« On s’est fait avoir », déclare X. Nogueras au procès en appel du faux jugement produit aux assises
Au 4e jour du procès en appel dans l’affaire J. Cohen-Sabban et X. Nogueras, ce-dernier explique qu’il avait été mis en marge de la défense de Robert Dawes dès 2017 quand celui-ci avait commencé à chercher un pénaliste plus aguerri pour le défendre aux assises.

Depuis lundi, la cour d’appel de Paris réexamine, millimètre par millimètre, le rôle qu’auraient pu jouer deux avocats de Robert Dawes, Joseph Cohen-Sabban et Xavier Nogueras, dans la transmission à la cour d’assises chargée de le juger, en décembre 2018, d’un faux jugement espagnol. En première instance, le tribunal les a relaxés au motif qu’il n’était pas démontré qu’ils aient su que le document était un faux. L’instruction l’avait elle-même reconnu, mais elle s’était engagée, comme le parquet, sur le terrain incertain du « vous auriez dû savoir ». Or, la seule obligation de l’avocat est de ne pas produire un document s’il sait qu’il est faux. Il n’a pas et ne peut pas avoir de rôle certificateur. Le ministère public ayant fait appel, voici que le sujet est de nouveau examiné à la loupe. Mercredi, Joseph Cohen-Sabban, pénaliste aguerri et respecté de 71 ans, a expliqué qu’il s’était fait « flouer » et que, bien entendu, il n’aurait jamais mis sa carrière, sa réputation et son cabinet en danger en commettant une faute pareille (notre compte-rendu ici).

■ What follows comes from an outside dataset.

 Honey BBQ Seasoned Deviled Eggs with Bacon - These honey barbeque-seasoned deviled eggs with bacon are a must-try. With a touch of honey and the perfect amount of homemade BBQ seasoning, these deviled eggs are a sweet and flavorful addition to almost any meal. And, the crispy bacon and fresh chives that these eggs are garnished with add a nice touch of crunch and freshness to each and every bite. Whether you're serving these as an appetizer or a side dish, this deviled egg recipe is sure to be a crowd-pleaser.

Un dossier de rêve quand on a cinq de barre
Jeudi, c’était au tour de Xavier Nogueras, 44 ans, de s’expliquer. Ce 11e secrétaire de la Conférence a cinq ans de barre quand, de permanence mise en examen, il entre dans le dossier Dawes : un trafic de cocaïne de plus d’une tonne. Il découvre que la sonorisation de son client en Espagne sur laquelle repose toute l’accusation est, à son sens, illégale car aucun texte ne la permet et dépose un recours en janvier 2016. « J’étais jeune, j’y croyais, je ne savais pas encore que devant la chambre de l’instruction, on perd 9 dossiers sur 10 » confie-t-il à la barre. Et en effet, un an plus tard, la décision tombe : rejet.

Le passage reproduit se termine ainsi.